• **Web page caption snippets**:
>>>>
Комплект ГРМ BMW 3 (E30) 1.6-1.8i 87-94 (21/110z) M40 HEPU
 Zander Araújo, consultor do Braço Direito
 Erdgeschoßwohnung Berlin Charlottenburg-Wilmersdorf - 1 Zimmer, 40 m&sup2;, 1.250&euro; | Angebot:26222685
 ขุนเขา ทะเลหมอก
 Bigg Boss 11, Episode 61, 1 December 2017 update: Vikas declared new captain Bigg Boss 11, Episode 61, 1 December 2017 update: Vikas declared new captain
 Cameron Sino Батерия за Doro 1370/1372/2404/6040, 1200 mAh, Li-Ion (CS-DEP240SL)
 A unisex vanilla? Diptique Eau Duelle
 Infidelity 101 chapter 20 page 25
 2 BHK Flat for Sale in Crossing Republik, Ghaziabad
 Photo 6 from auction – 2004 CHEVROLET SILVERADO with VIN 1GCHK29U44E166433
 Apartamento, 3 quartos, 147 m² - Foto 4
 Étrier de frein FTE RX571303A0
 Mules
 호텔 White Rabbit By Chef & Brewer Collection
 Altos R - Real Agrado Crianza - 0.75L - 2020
<<<<
• **Task to complete**:
Extract the complete data, matching each line exactly.

• **Result below**:
Комплект ГРМ BMW 3 (E30) 1.6-1.8i 87-94 (21/110z) M40 HEPU
 Zander Araújo, consultor do Braço Direito
 Erdgeschoßwohnung Berlin Charlottenburg-Wilmersdorf - 1 Zimmer, 40 m&sup2;, 1.250&euro; | Angebot:26222685
 ขุนเขา ทะเลหมอก
 Bigg Boss 11, Episode 61, 1 December 2017 update: Vikas declared new captain Bigg Boss 11, Episode 61, 1 December 2017 update: Vikas declared new captain
 Cameron Sino Батерия за Doro 1370/1372/2404/6040, 1200 mAh, Li-Ion (CS-DEP240SL)
 A unisex vanilla? Diptique Eau Duelle
 Infidelity 101 chapter 20 page 25
 2 BHK Flat for Sale in Crossing Republik, Ghaziabad
 Photo 6 from auction – 2004 CHEVROLET SILVERADO with VIN 1GCHK29U44E166433
 Apartamento, 3 quartos, 147 m² - Foto 4
 Étrier de frein FTE RX571303A0
 Mules
 호텔 White Rabbit By Chef & Brewer Collection
 Altos R - Real Agrado Crianza - 0.75L - 2020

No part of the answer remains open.